Voting is done by making a little “X” BESIDE the name of the candidate you want. No one has to get pregnant. No one has to invade Chad.
I drove to Boston a couple weeks ago. While getting gas near Kennebunkport, I checked the pressure in my tires using a little gage I bought at Canadian Tire. The attendant told me he had never seen anyone check their tire pressure before. But here, we do it once a month or so.
That aerosol cheese is gross. So are Circus Peanuts.
That there is NO building in Toronto named the “CNN Tower”
That there has never been a Canadian Prime Minister with the name “Jean Poutine”
That it is not necessarily a better deal to buy twelve pounds of salted Jalapeno pork rinds for eighteen dollars than no salted pork rinds at no cost
That Alex Trebek is a bit of a thickie if you see him on games shows other than Jeopardy
That Family Feud is funded by people promoting their views on eugenics.
That Cleveland still sucks, and is pretty flat despite the fact all its neighbourhoods are called ‘Something Heights’.

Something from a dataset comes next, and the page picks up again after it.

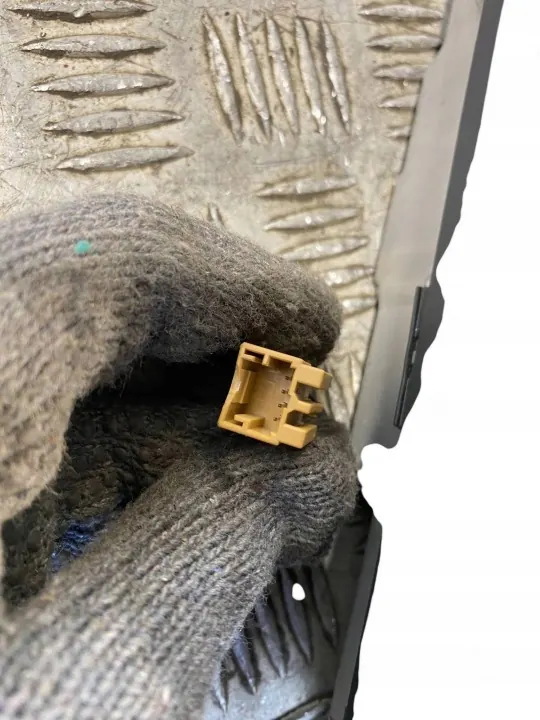 Reposabrazos túnel central Audi A8 S8 D4 OEM 4H0863075M image 7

That guns and people both kill people if used properly.
That the guy on Scooby Doo who dresses up like a zombie to scare people away so he could clear the gold out of the abandoned mine could have just done so quietly and would have gotten away with it if he hadn’t dressed up like a zombie in the first place
That “Zed” is both a character in Pulp Fiction and the alphabet.
That it is possible to enjoy an entertainer and not be particularly interested in their views on world geopolitics.
That vinegar tastes good on French fries.
That the soft, fluffy things go on the end of your feet before the hard, crunchy things.